Something Awful Is About to Happen to 1 Million of America's Neediest People

Impact

The Supplemental Nutritional Assistance Program, also known as "food stamps," is a vital anti-poverty policy that helps keep millions of struggling Americans fed as they endure economic hardship. 

The number of Americans receiving SNAP benefits soared in the wake of the economic crisis — one in five Americans made use of them in 2012 — but has fallen as unemployment has decreased. There will be a big drop-off in recipients in 2016, but it won't be because they've entered greener pastures: It will be the result of federal government policy with little patience for the nation's neediest citizens.

SNAP benefits will be severed for about a million people over the course of 2016, according to an analysis by the Center on Budget and Policy Priorities. Regulations that impose three-month time limits on SNAP will take effect at much higher levels next year as the economy improves and unemployment stays below crisis levels. States that were able to waive these limits during the harsh economic climate of the past few years will no longer be able to do so, and many people will be cut off from a critical source of aid.

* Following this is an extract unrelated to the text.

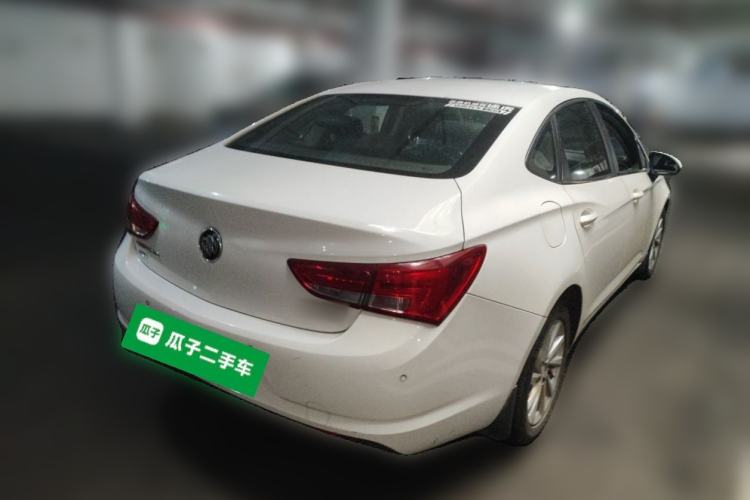 Used Buick Verano 2018 Sedan 15S Automatic Leading Model Rear Right 45 Deg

What do people at risk for being cut off look like? According to CBPP, they're mainly young, and closely split gender-wise:

Center for Budget and Policy Priorities

They are also even more destitute than you might imagine:

Center for Budget and Policy Priorities

Why is this happening? The limits on SNAP can be traced back to the gutting of welfare policy in 1996 under the Clinton administration. At first blush, the federal policy doesn't sound inhumane: Technically, the three-month limit doesn't apply if an individual can find halftime work or participate in a job training program for at least 20 hours a week. 

But even as the economy improves, millions of Americans are still caught in the unforgiving quicksand of long-term unemployment, a documented phenomenon in which people are discriminated against by employers the longer they remain unable to find work. As far as job training is concerned, cities, counties and states are not required to have job training programs; many don't have 20 hours' worth of weekly programs that will allow one to qualify for SNAP benefits. None of this includes other obstacles, like health issues, problems of transportation or other logistical obstacles. And none of it acknowledges that somebody could be spending 40 or more hours a week looking for a job or training and yet be assumed by crude statistical measures to be indolent.    

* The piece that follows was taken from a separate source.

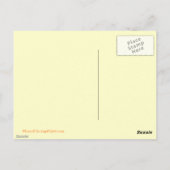  Keukenkunst met kaasmaker Briefkaart (Achterkant)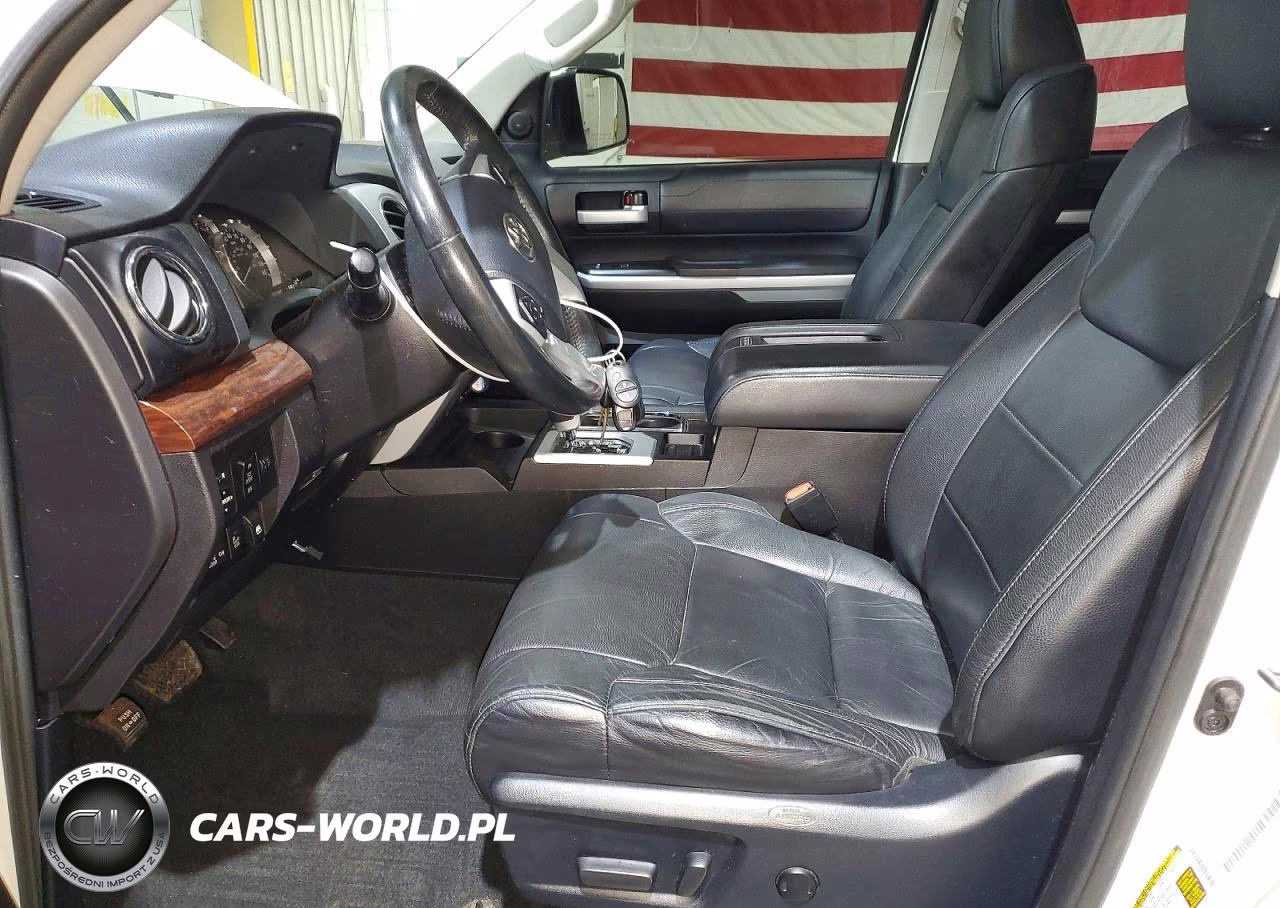 2015 Toyota Tundra Crewmax Limited VIN:5TFHY5F10FX458341 - 7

Placing unrealistic limitations on SNAP is a way of sweeping the puzzle of managing extreme poverty under the rug. Ed Bolen, the author of CBPP's report, suggests that Congress could require states to offer the training programs that allow workers to remain on SNAP, or loosen the criteria for eligibility by taking into account proof of a job search. 

Better yet, why not eliminate the time limit altogether? Most Americans are naturally industrious and don't like relying on aid unless they must, and the cost of SNAP — a drop in the federal spending bucket — is simply transferred to society in other ways once the program is withdrawn, whether through food banks or in the form of higher numbers of medical emergencies.